Is the Voynich Manuscript in an unidentified language? Part 2

By Gordon Rugg

In the first part of this pair of articles, I looked at the general principles that linguists use when trying to identify a previously unknown language.

In this article, I’ll look at what happens when you apply those principles to the Voynich Manuscript.

In brief, it doesn’t end well for the idea that the manuscript is written in an unidentified language. That idea was tried and rejected by the specialists decades ago, for very good reasons. Anyone trying to resurrect the “unidentified language” theory needs to show that they’ve found a convincing set of counter-arguments to those reasons for rejection. So far, nobody’s come close; instead, the recent theories simply ignore the show-stopping problems.

Here are some of those reasons.


(Image courtesy of the Beinecke Library.)

Looking for names

One obvious place to begin is the illustrations. It looks reasonable to assume that if the manuscript is a notebook in an unknown language, then the text on each page will relate to the illustration on that page. It’s also a fairly reasonable-looking assumption that on the pages showing a  plant, then the name of that plant will be at the start of the page.

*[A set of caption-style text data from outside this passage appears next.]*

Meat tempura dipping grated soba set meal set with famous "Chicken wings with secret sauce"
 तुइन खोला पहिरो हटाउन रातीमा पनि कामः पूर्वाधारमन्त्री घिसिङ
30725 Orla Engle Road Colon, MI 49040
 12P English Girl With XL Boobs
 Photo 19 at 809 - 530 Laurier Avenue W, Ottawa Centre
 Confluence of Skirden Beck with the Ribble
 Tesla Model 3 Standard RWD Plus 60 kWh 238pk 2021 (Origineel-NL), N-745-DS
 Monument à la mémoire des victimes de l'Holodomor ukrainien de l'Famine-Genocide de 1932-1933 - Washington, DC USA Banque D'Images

It’s an obvious approach, and it was tried half a century ago by the earliest Voynich Manuscript researchers. They soon abandoned it. Here’s why.

The two images below are close-ups of the first few words of two often-reproduced pages.

voynich unidentified first lines

(Images courtesy of the Beinecke Library.)

In both cases, the first letter on the page is a tall, distinctive letter, though the letters are different between the two pages. They’re known among Voynich researchers as gallows letters.

If you look at the first words of the pages with pictures of plants on them, then you notice something odd, that Voynich researchers spotted decades ago. In half of the pages with plant illustrations, the first word on the page begins with one or other of those two gallows letters.

This means that either half of the plant names in the manuscript begin with one of just two letters, or that the first word on a plant page often isn’t the name of the plan, or some combination of those two features.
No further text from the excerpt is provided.